# Problem description
Print all records exactly, pictures left out.
-----
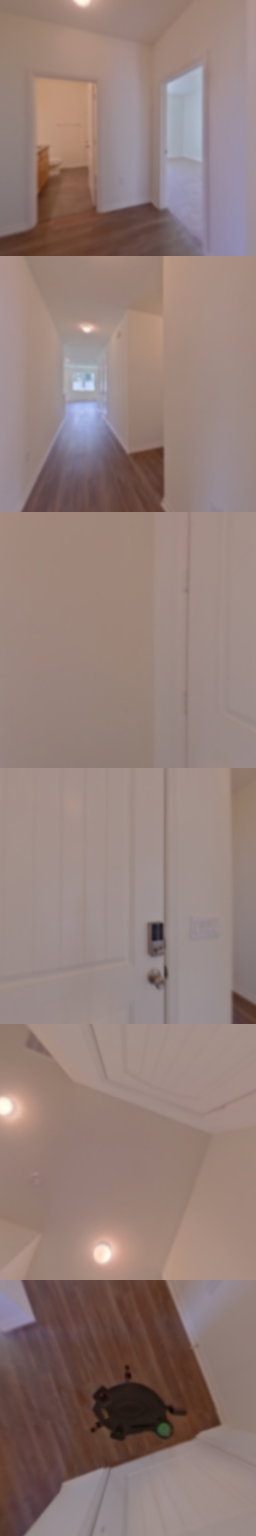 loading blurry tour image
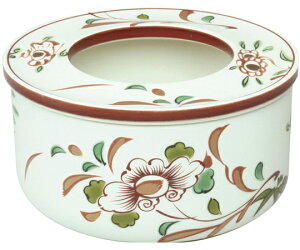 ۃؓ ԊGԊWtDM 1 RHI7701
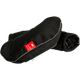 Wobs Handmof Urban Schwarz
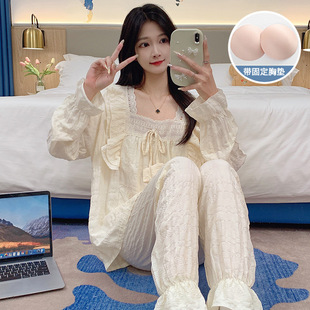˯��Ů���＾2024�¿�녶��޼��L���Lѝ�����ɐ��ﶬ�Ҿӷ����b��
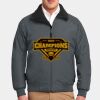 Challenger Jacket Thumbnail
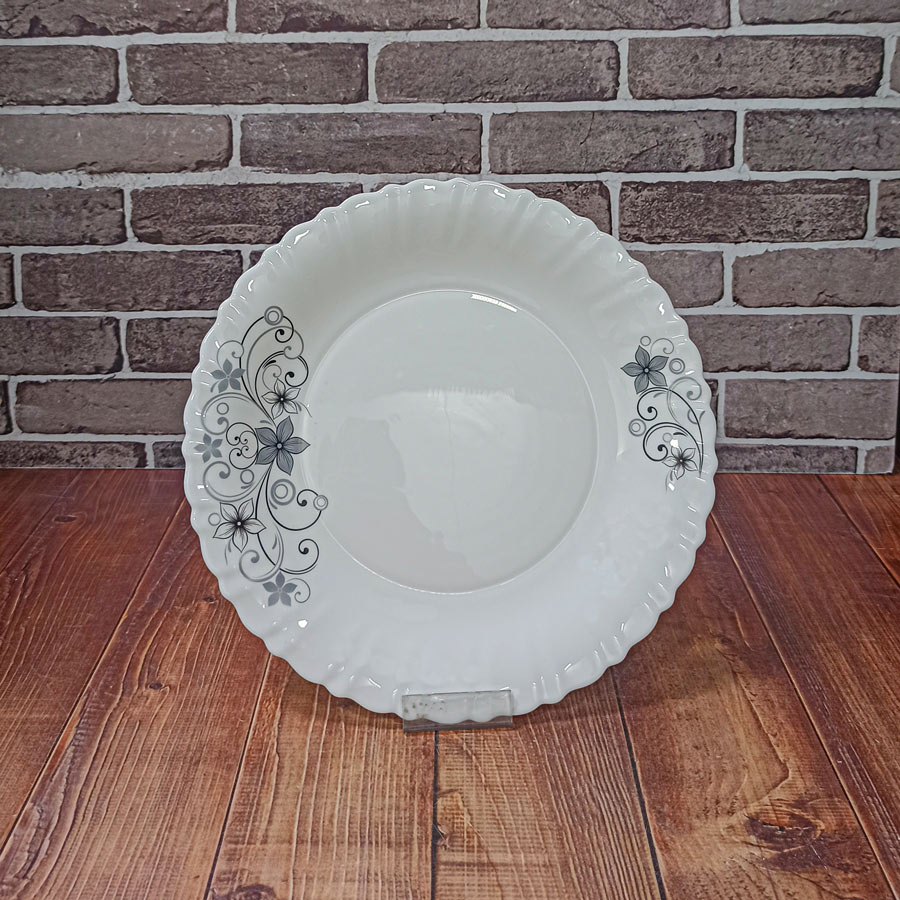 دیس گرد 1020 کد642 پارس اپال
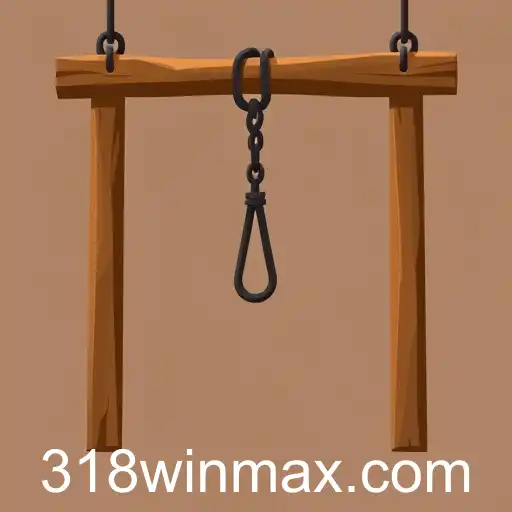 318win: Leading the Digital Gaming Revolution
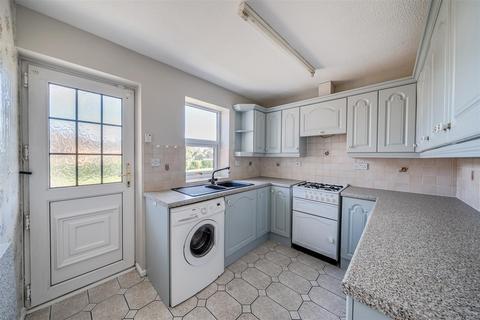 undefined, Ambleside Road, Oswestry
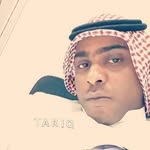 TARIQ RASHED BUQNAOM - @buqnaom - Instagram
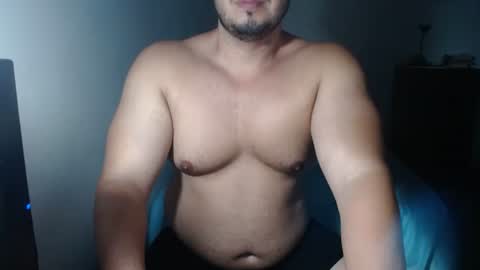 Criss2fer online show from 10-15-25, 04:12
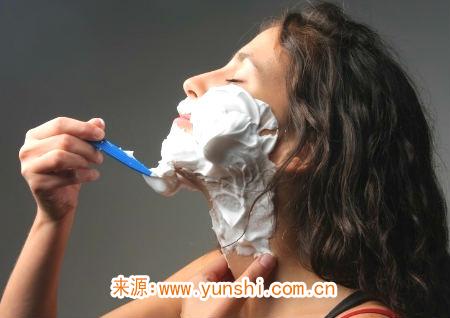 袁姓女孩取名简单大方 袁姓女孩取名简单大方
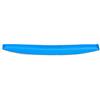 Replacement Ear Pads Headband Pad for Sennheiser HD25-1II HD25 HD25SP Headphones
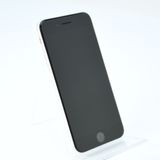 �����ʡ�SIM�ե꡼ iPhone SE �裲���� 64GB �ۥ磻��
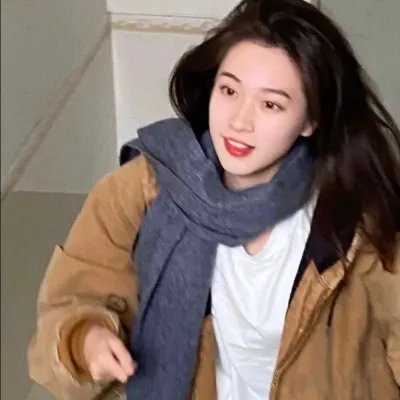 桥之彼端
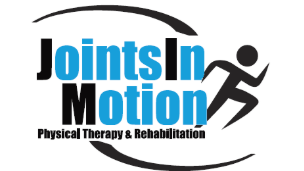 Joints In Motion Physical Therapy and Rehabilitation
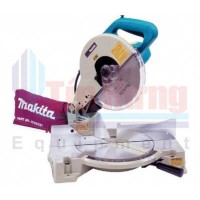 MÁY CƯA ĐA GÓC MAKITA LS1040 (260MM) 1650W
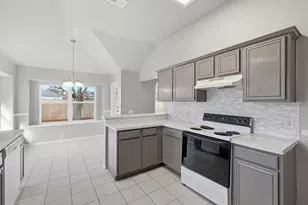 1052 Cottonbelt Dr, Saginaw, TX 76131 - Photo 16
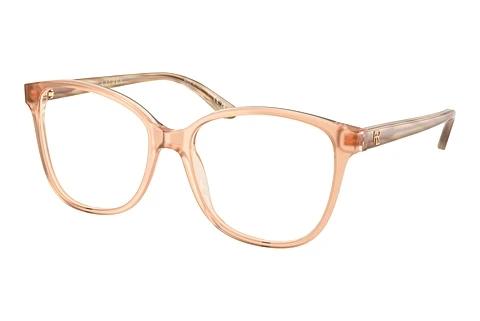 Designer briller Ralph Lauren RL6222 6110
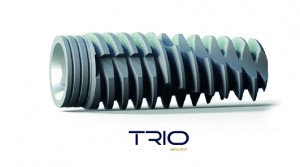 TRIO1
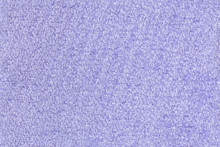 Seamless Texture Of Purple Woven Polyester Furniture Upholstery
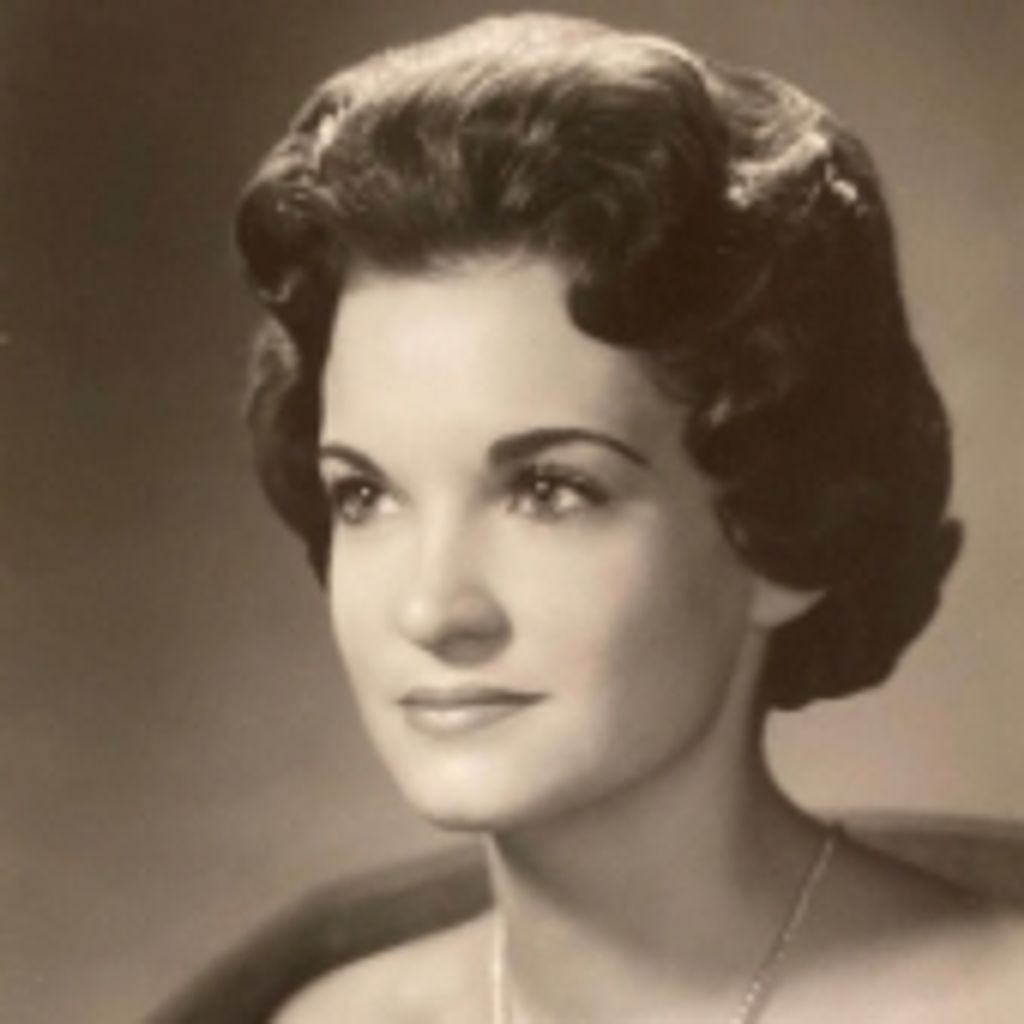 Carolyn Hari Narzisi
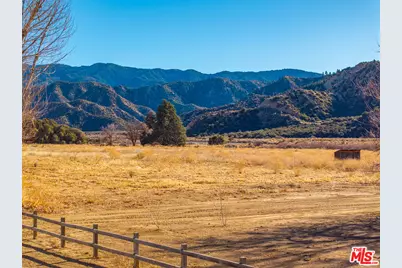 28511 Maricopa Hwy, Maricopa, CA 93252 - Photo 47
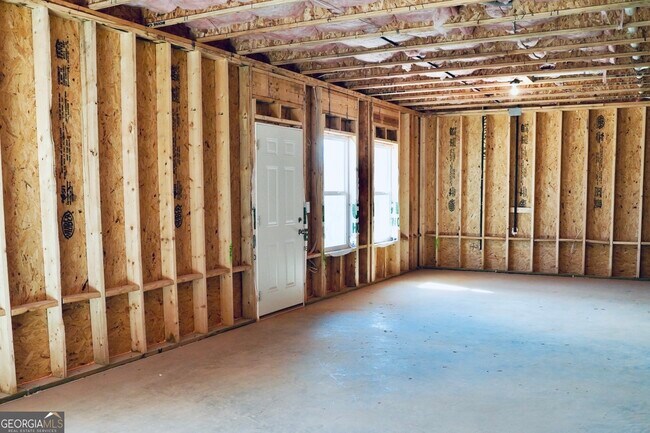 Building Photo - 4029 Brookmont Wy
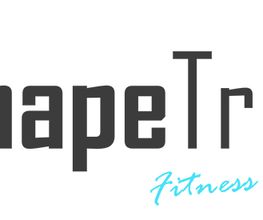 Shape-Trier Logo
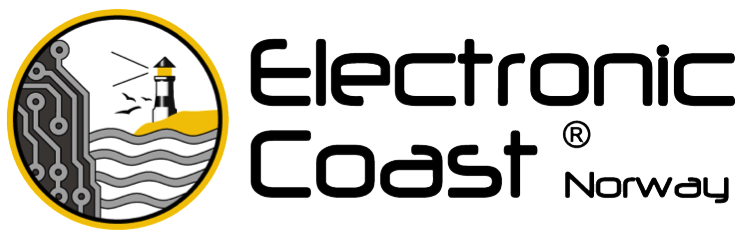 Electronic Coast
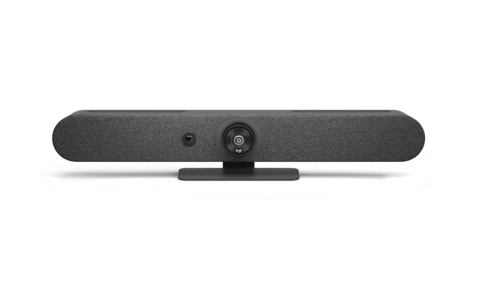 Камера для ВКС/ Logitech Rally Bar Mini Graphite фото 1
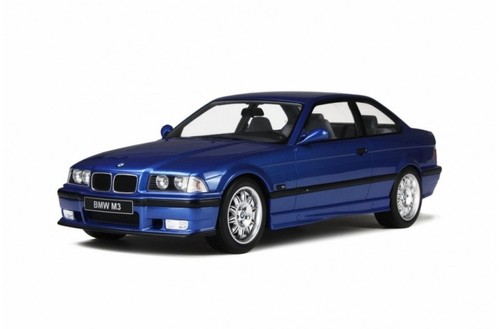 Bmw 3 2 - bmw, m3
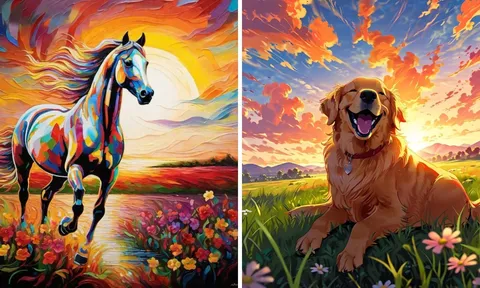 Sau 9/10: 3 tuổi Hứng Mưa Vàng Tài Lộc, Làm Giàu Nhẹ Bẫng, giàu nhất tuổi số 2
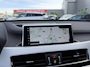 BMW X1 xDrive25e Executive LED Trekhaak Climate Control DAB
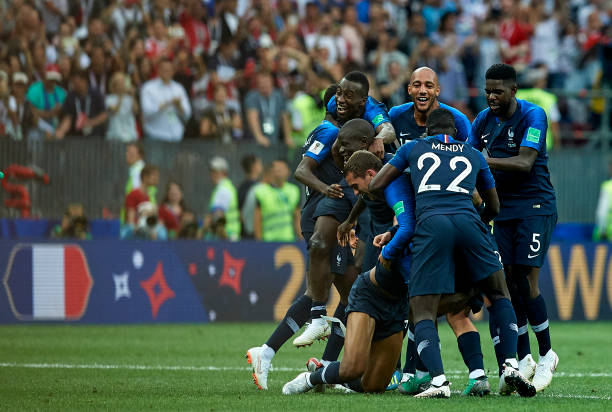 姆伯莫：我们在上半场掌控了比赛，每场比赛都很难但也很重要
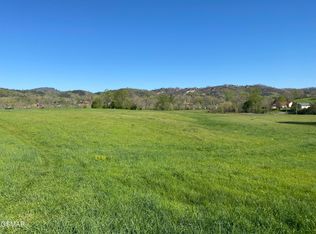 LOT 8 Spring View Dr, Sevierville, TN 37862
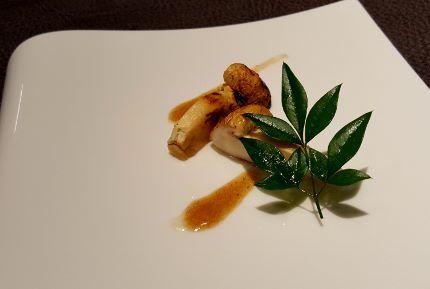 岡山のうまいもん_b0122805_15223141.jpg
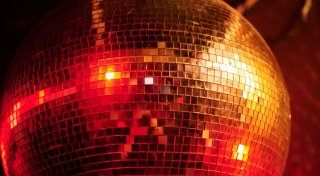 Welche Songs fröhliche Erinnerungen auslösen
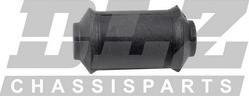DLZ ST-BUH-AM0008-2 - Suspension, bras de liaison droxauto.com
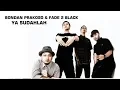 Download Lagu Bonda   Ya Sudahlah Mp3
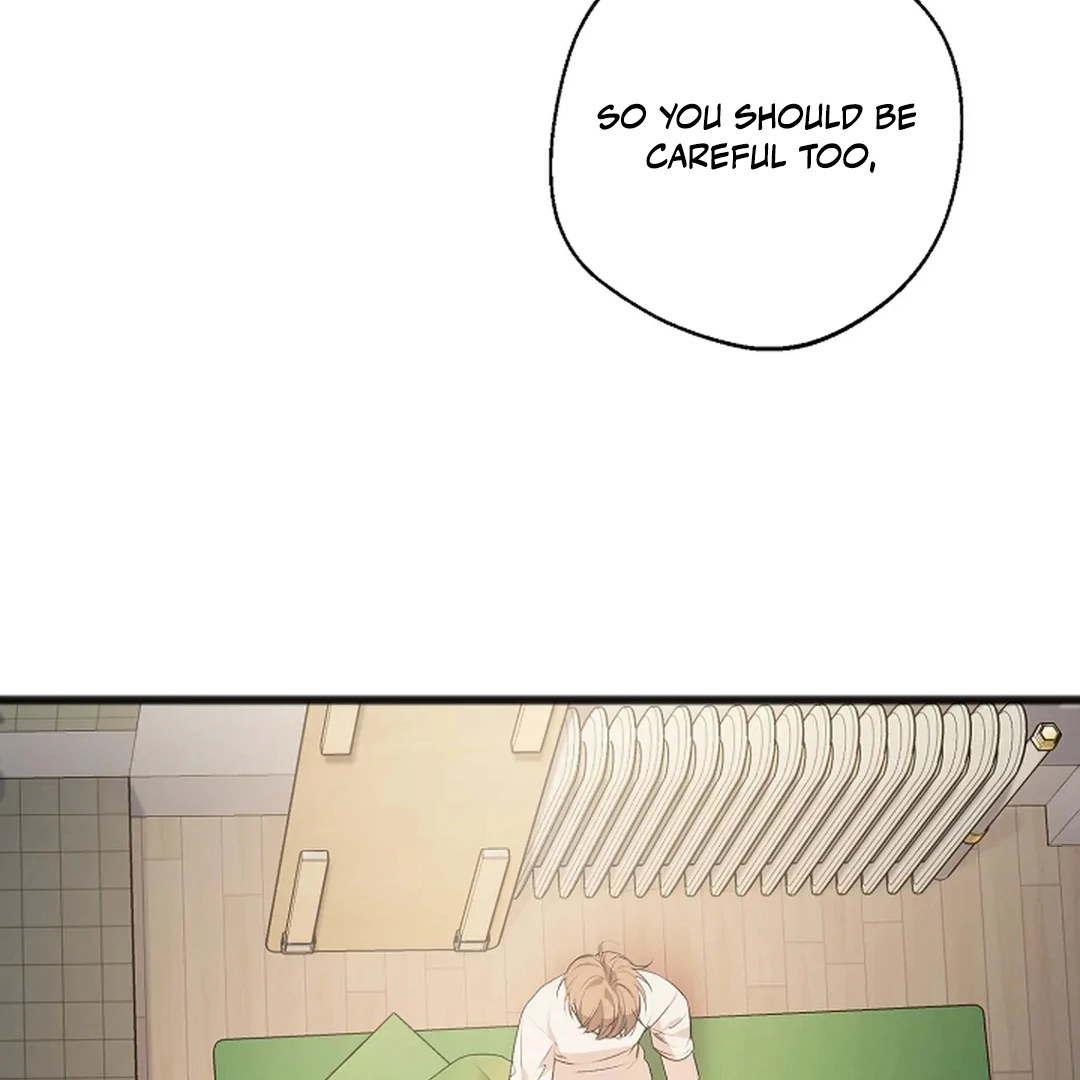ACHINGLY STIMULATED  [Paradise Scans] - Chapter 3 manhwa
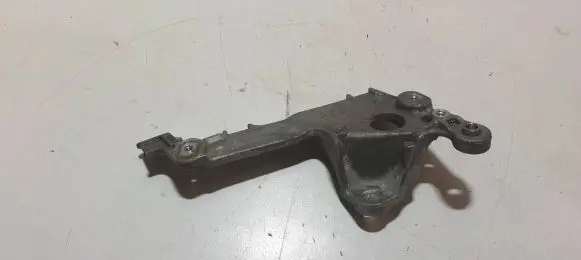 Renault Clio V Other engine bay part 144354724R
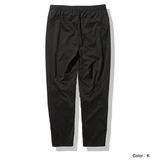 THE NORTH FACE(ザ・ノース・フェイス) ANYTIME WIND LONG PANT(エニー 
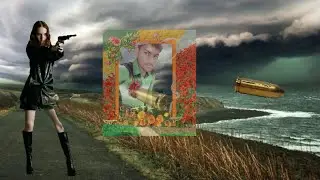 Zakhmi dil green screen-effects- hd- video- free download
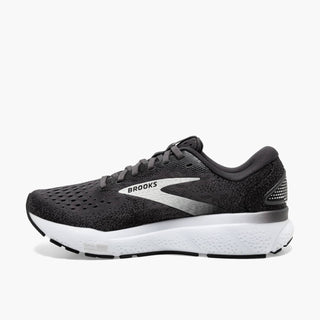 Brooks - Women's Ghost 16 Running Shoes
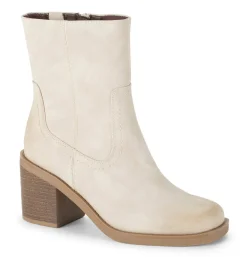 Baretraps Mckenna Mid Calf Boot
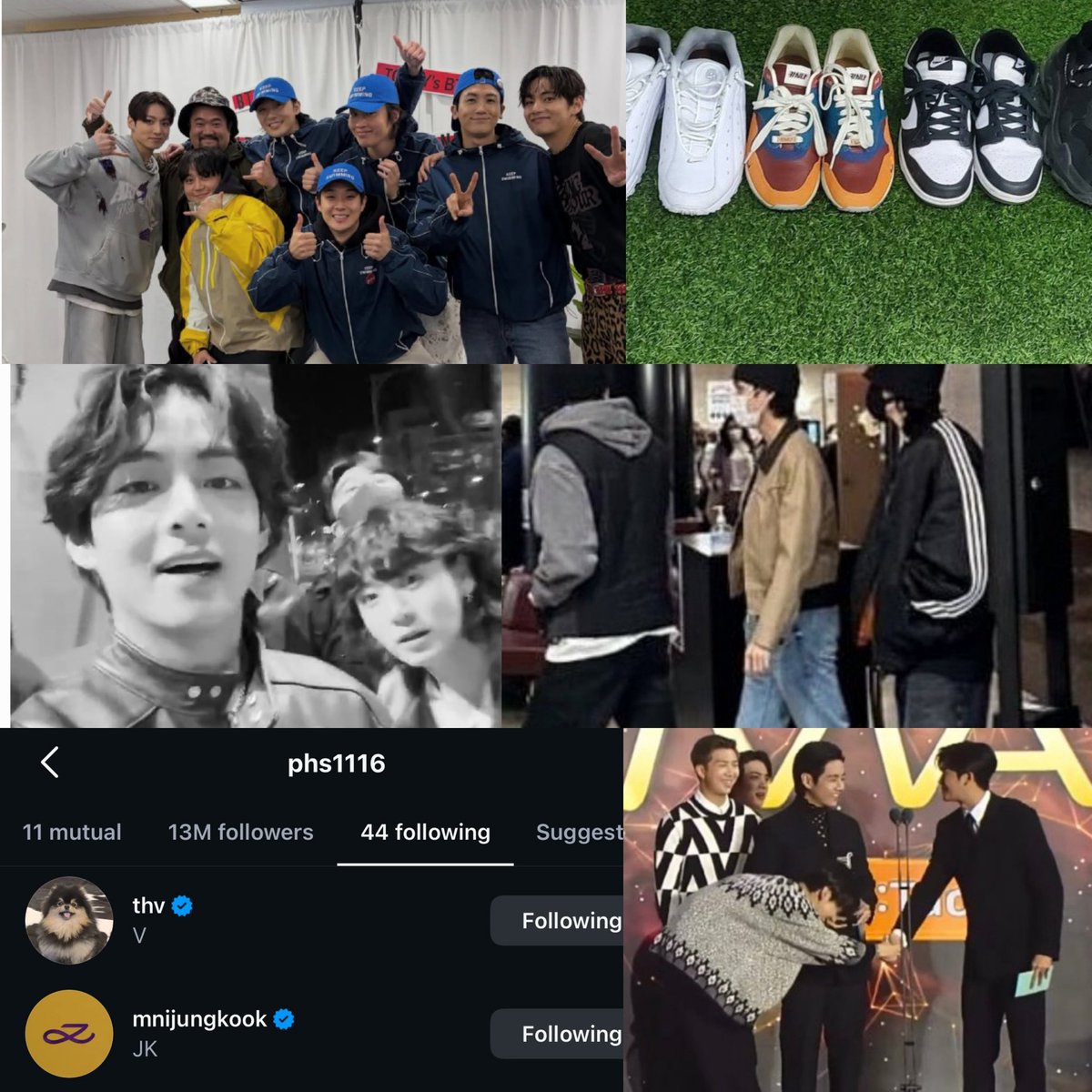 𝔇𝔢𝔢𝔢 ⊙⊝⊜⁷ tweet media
-----
# Exercise response
 loading blurry tour image
 ۃؓ ԊGԊWtDM 1 RHI7701
 Wobs Handmof Urban Schwarz
˯��Ů���＾2024�¿�녶��޼��L���Lѝ�����ɐ��ﶬ�Ҿӷ����b��
 Challenger Jacket Thumbnail
 دیس گرد 1020 کد642 پارس اپال
 318win: Leading the Digital Gaming Revolution
 undefined, Ambleside Road, Oswestry
 TARIQ RASHED BUQNAOM - @buqnaom - Instagram
 Criss2fer online show from 10-15-25, 04:12
 袁姓女孩取名简单大方 袁姓女孩取名简单大方
 Replacement Ear Pads Headband Pad for Sennheiser HD25-1II HD25 HD25SP Headphones
 �����ʡ�SIM�ե꡼ iPhone SE �裲���� 64GB �ۥ磻��
 桥之彼端
 Joints In Motion Physical Therapy and Rehabilitation
 MÁY CƯA ĐA GÓC MAKITA LS1040 (260MM) 1650W
 1052 Cottonbelt Dr, Saginaw, TX 76131 - Photo 16
 Designer briller Ralph Lauren RL6222 6110
 TRIO1
 Seamless Texture Of Purple Woven Polyester Furniture Upholstery
 Carolyn Hari Narzisi
 28511 Maricopa Hwy, Maricopa, CA 93252 - Photo 47
 Building Photo - 4029 Brookmont Wy
 Shape-Trier Logo
 Electronic Coast
 Камера для ВКС/ Logitech Rally Bar Mini Graphite фото 1
 Bmw 3 2 - bmw, m3
 Sau 9/10: 3 tuổi Hứng Mưa Vàng Tài Lộc, Làm Giàu Nhẹ Bẫng, giàu nhất tuổi số 2
 BMW X1 xDrive25e Executive LED Trekhaak Climate Control DAB
 姆伯莫：我们在上半场掌控了比赛，每场比赛都很难但也很重要
 LOT 8 Spring View Dr, Sevierville, TN 37862
 岡山のうまいもん_b0122805_15223141.jpg
 Welche Songs fröhliche Erinnerungen auslösen
DLZ ST-BUH-AM0008-2 - Suspension, bras de liaison droxauto.com
 Download Lagu Bonda   Ya Sudahlah Mp3
ACHINGLY STIMULATED  [Paradise Scans] - Chapter 3 manhwa
 Renault Clio V Other engine bay part 144354724R
 THE NORTH FACE(ザ・ノース・フェイス) ANYTIME WIND LONG PANT(エニー 
 Zakhmi dil green screen-effects- hd- video- free download
 Brooks - Women's Ghost 16 Running Shoes
 Baretraps Mckenna Mid Calf Boot
 𝔇𝔢𝔢𝔢 ⊙⊝⊜⁷ tweet media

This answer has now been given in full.